Whelp, I've decided to follow @GeorgeStorm 's advice and stick to 64GB. Trying to achieve stability at 4800MHz was basically impossible, let alone any higher. In fact, the Corsair RAM (that I've returned today) was better performing in this regard, being able to hold its latency values from the 6600MHz profile. I'm currently stress testing one set of RAM with Prime95. Unfortunately, its 6400MHz CL32 profile had one core fail after 50 minutes (even when trying the alternative EXPO profile, which actually failed pretty much immediately); the 6000MHz CL30 profile has lasted an hour. Going to swap out the other set and see how that performs.
The other set of RAM passed 2 hours or Prime95 testing. So, on to the next thing... Whilst waiting for the stability test to do some decent time, I read a bit more of the Techpowerup article about RAM speed and latency performance I linked earlier. In some cases, it was better to have lower latencies than higher frequencies. Curious, I ran Cinebench (R23.2) a few times with the two profiles. Here are the results: 6400MHz 32-39-39-84 23513 mean 6000MHz 30-36-36-77 23565 mean Common factors Standard deviation (sample) of 11 for both. At least 5 tests done. Test done until result stopped increasing. Highest three results used. Since the Cinebench performance correlates with gaming performance (admittedly making a fraction of a percent difference), I'm going to use the 6000 MHz profile. Also, I must update the OP with details later.

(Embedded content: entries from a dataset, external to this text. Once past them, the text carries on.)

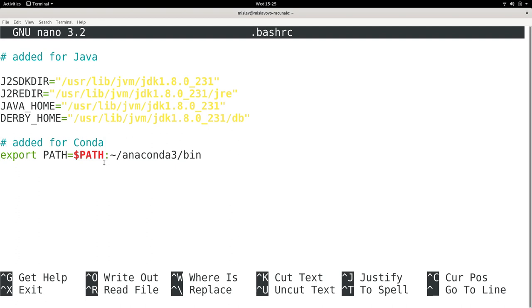And then I also added this for Conda. So basically, every change you want, place it in this file.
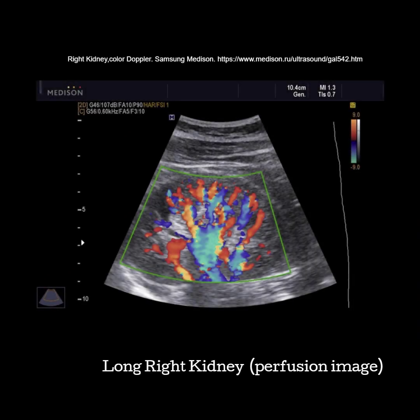The last image in long is a perfusion image. Make sure that the color box is open to cover the entire kidney. Turn your color gain up and PRF down to make the machine more sensitive to flow in the veins and smaller peripheral arteries. The transducer is angled through the mid and medial portion. This image should show the renal artery and vein and evidence of flow into the cortex.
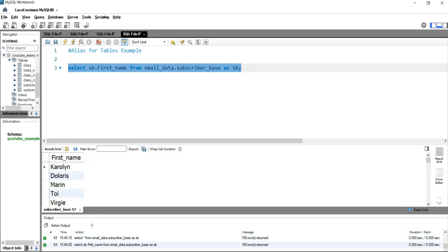This is how basically we use aliases for tables in SQL. If you want to learn or understand more about SQL, then you can click on the right side of this video, or if you want to learn about Excel, then you can click on the left side of this video. Happy learning and see you in the next video.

Nothing really's going to happen until the 5090 turns up. However, in the meantime, I'm fiddling with the AMD Curve Optimizer. So far I have it down to -10 and have noticed that clock speeds run a little better under extreme test conditions.

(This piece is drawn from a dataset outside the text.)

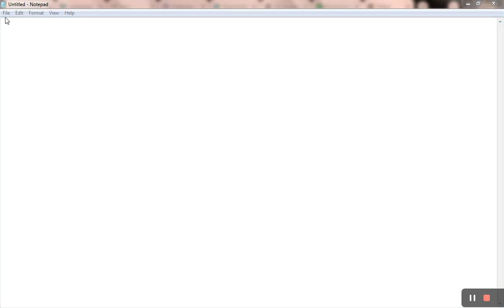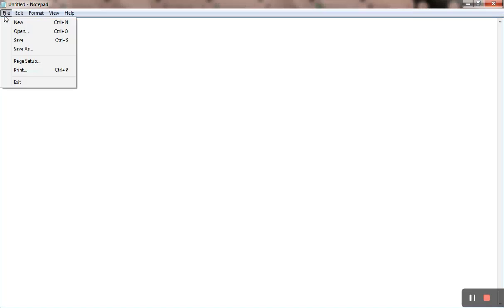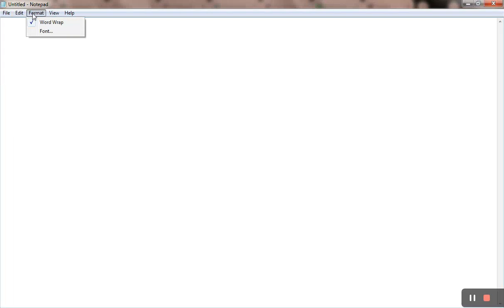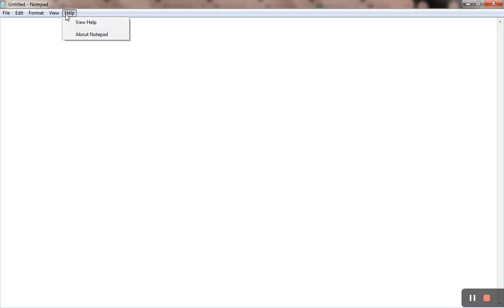You can see File, Edit, Format, View, and Help menus. When you click on File, Edit, or Format, different options appear. We are going to teach you notepad in different videos.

Just the 2 sticks with 2 banks each is the same as 4 sticks with 1 bank each was a big penny drop moment. Also had barely ventured into the bios on my MSI board yet, the memory try it function looks really neat and might slack my timings off a notch or 2, as still getting some odd glitches, like audio dropping in and out.
Still waiting for the 5090 to turn up, although starting to feel a tiny bit of buyer's remorse, what with all the bad news articles coming out: melting power connectors, missing ROPs, dropping 32 bit PhysX support etc. Anyway, this weekend, I was intending to do long duration stress tests on the CPU. This has got off to a bad start as settings that were relatively stable a fortnight ago suddenly aren't . On top of that, even though I didn't have the wifi aerial plugged in, previously, the PC could still pick up wifi. Now I've had to plug the aerial in to make it work. So, I reset Curve Optimiser to do a quick stability test (seems fine), installed all Windows updates, and am once again twiddling. I've done a test with all cores at -20 curve offset and that seems fine, so will work from there. Again. Next is -25, then I'll start tweaking the cores individually. Just a bit puzzled as to how the system went from stable to unstable. A decade ago, when I was doing overclocking, once I had values reasonably dialed in, that was that.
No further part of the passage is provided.